Nie wieder dürfen Juden in Deutschland um ihr Leben fürchten müssen.

Jüdisches Leben in Deutschland zu schützen, gehört zum Selbstverständnis unserer Demokratie. Die Sicherheit von Jüdinnen und Juden ist unserer Demokratie in ihr Fundament geschrieben.

Und nur wenn unsere jüdischen Mitbürger in Frieden und Sicherheit leben, nur dann kann unser ganzes Land es tun.

Deshalb sind wir jetzt, in dieser Stunde der Bedrohung, konkret gefordert. Wir verstärken den Schutz jüdischer Einrichtungen in Deutschland, ziehen jene zur Rechenschaft, die auf unseren Straßen den Terror gutheißen, gar so schändlich sind, ihn zu feiern. Und wir forcieren den Kampf gegen die Hamas und verbieten auch ihre Tarnorganisationen in Deutschland.

Aber: Nicht nur der Staat, nicht nur unsere Sicherheitsbehörden und unsere Polizei sind gefordert. Jeder von uns kann unseren Nachbarn und Mitbürgern beistehen in ihrem Schmerz und ihrer Angst. Wir können sie trösten, können bei ihnen sein, ihnen Mut machen, uns vor sie stellen. Das wünsche ich mir jetzt, nein, das erwarte ich mir jetzt von allen Menschen, die in unserem Land leben, und zwar unabhängig von Herkunft, Erfahrung und Religion.

Ganz gleich ob seit Generationen in Deutschland lebend oder zugewandert: Wer Deutscher ist oder auf Dauer in unserem Land leben will, muss Auschwitz kennen und begreifen. Der muss die Geschichte kennen, die uns in besonderer Art und Weise mit Jüdinnen und Juden und auch mit dem Staat Israel verbindet. Der muss wissen, dass Antisemitismus, dass Judenhass keine Meinung ist, sondern eine menschenverachtende Straftat. Und der muss die Sicherheit von Jüdinnen und Juden in unserem Land auch zu seiner Sache machen!

Auch in dieser dunklen Stunde gibt es Hoffnung. Heute Abend wollen sich vor dieser Synagoge Nachbarn zusammenfinden, um den Shabbatgottesdienst durch ihre bloße Anwesenheit draußen auf der Straße zu schützen.
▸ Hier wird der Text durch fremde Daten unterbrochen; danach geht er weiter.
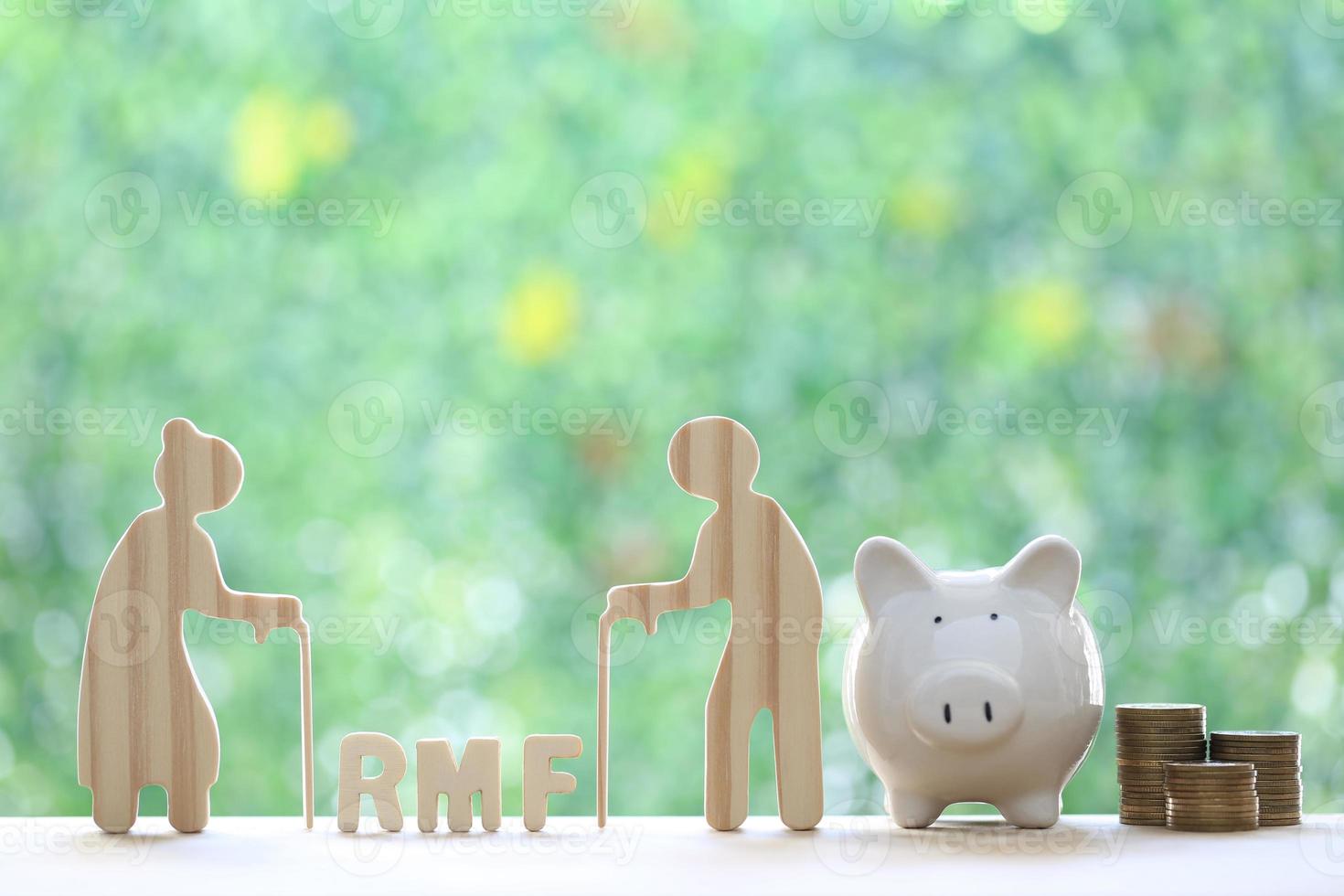 RMF - Retirement Mutual Fund, Senior man with RMF word and stack of coins money with piggy bank on natural green background, Save money for prepare in future and pension retirement concept photo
Und viele tun es ihnen gleich, an vielen Orten unseres Landes. Und deshalb will ich allen danke, die solche Zeichen der Mitmenschlichkeit senden.

Lassen wir nicht zu, dass Mörder und Terroristen einen Keil in unsere Gesellschaft treiben.

Die Angst ist groß. Ja. Aber der Zusammenhalt ist stärker.